[Start of section]

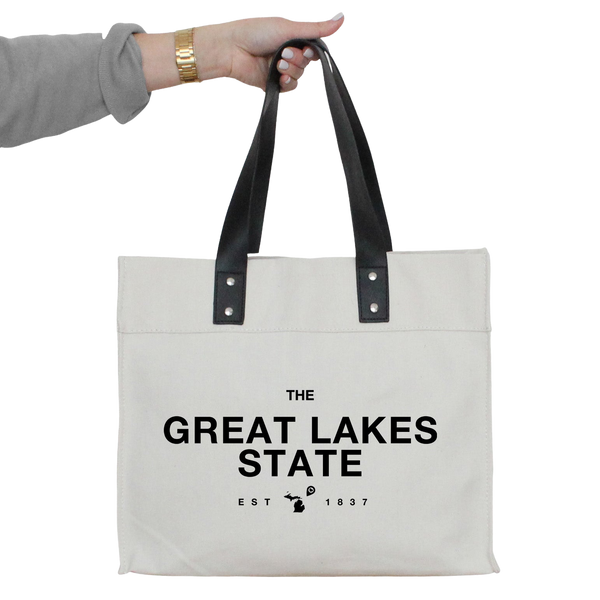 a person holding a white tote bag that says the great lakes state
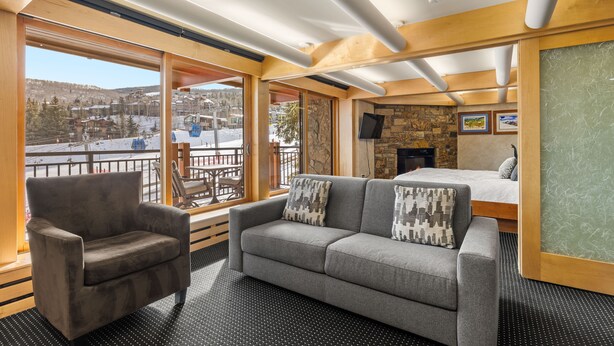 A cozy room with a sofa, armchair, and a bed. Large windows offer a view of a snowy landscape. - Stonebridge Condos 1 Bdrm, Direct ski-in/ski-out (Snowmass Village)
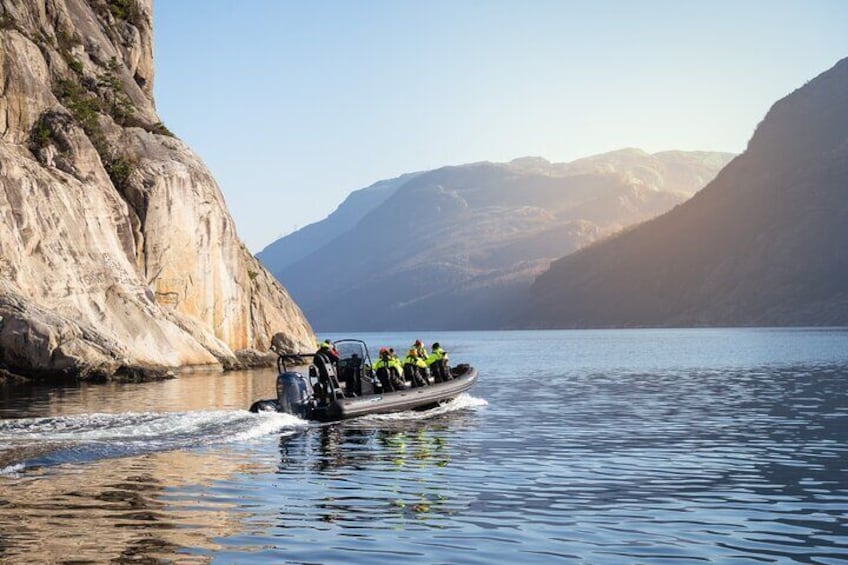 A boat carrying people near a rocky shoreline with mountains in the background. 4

[End of section]
[Start of section]

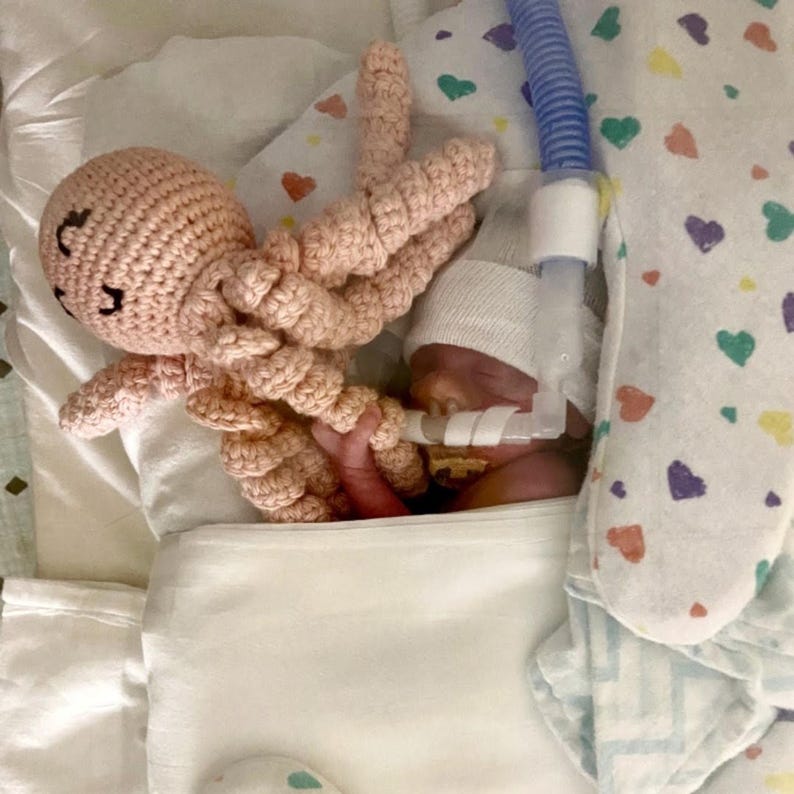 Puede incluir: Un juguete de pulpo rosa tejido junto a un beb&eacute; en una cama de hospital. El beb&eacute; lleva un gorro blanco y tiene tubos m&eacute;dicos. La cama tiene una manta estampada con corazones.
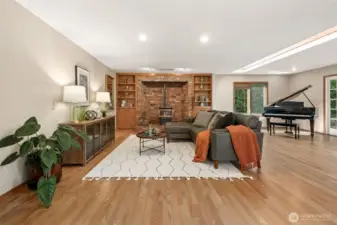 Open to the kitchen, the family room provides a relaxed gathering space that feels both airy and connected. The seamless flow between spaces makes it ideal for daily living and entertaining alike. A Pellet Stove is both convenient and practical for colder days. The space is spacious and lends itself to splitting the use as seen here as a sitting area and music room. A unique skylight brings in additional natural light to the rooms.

[End of section]
[Start of section]

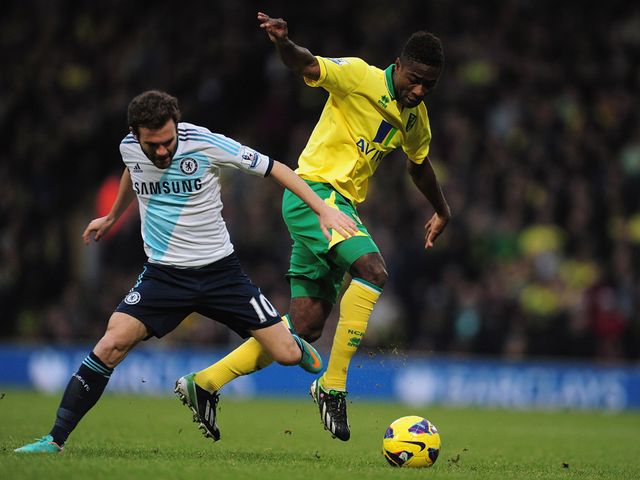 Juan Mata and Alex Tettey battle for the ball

[End of section]

**Prompt**:
Set down exactly the lines above, from the line containing "a person holding" through the line containing "A boat carrying". Skip the pictures.

**Answer to this problem**:
 a person holding a white tote bag that says the great lakes state
 A cozy room with a sofa, armchair, and a bed. Large windows offer a view of a snowy landscape. - Stonebridge Condos 1 Bdrm, Direct ski-in/ski-out (Snowmass Village)
 A boat carrying people near a rocky shoreline with mountains in the background. 4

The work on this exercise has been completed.